Step-by-step solution

Moment of Inertia for a disk

The moment of inertia for a disk rotating around its central axis can be calculated using the formula \(I = \frac{1}{2}MR^2\), where \(I\) is the moment of inertia, \(M\) is the mass of the disk, and \(R\) is the radius of the disk.

Moment of Inertia for Disk A

First, we need to calculate the moment of inertia for disk A using the given mass and radius. The mass of Disk A is \(2.00\,\mathrm{kg}\), and the radius is \(25.0\,\mathrm{cm}\), which is equal to \(0.25\,\mathrm{m}\) in SI units. So, the moment of inertia for Disk A will be: \(I_A = \frac{1}{2} (2.00\,\mathrm{kg}) (0.25\,\mathrm{m})^2\).

Moment of Inertia for Disk B

Similarly, we need to calculate the moment of inertia for disk B using the given mass and radius, which are \(0.200\,\mathrm{kg}\) and \(2.50\,\mathrm{cm}\), respectively. To convert the radius into SI units, we need to divide it by 100, i.e., \(2.50\,\mathrm{cm}\) = \(0.025\,\mathrm{m}\).
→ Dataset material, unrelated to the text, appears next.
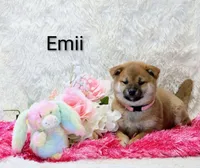 Emii, a female Shiba Inu for sale in Loyal, WI – Photo 1 of 6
So, the moment of inertia for Disk B will be: \(I_B = \frac{1}{2} (0.200\,\mathrm{kg}) (0.025\,\mathrm{m})^2\).

Combined Moment of Inertia

The moment of inertia of the object is the sum of the individual moments of inertia of the two disks. Thus, the total moment of inertia of the object will be: \(I = I_A + I_B\). #b)# Time to Come to a Stop

Calculating Angular Acceleration

We know that the torque due to friction (\(\tau\)) is equal to the moment of inertia (\(I\)) multiplied by the angular acceleration (\(\alpha\)), or \(\tau = I \alpha\). We are given the torque due to friction as \(0.200\,\mathrm{N}\,\mathrm{m}\). We can find the angular acceleration required to stop the object by rearranging the equation: \(\alpha = \frac{\tau}{I}\).

Calculating the Time

Since the final angular velocity (\(\omega_f\)) of the object will be zero when it comes to a stop, we can use the equation \(\omega_f = \omega_0 + \alpha t\) to find the time (\(t\)) it will take for the object to stop. We know the initial angular velocity (\(\omega_0\)) is \(-2\pi\,\mathrm{rad/s}\). By rearranging the equation to solve for \(t\), we get \(t = \frac{\omega_f - \omega_0}{\alpha}\).

Key concepts

Understanding Angular Velocity

Angular velocity, denoted by the symbol \( \omega \), is a vector quantity that represents how fast an object rotates or revolves around a fixed axis. It is measured in radians per second (\( \text{rad/s} \)). In essence, it tells us the angle through which an object turns in a unit of time.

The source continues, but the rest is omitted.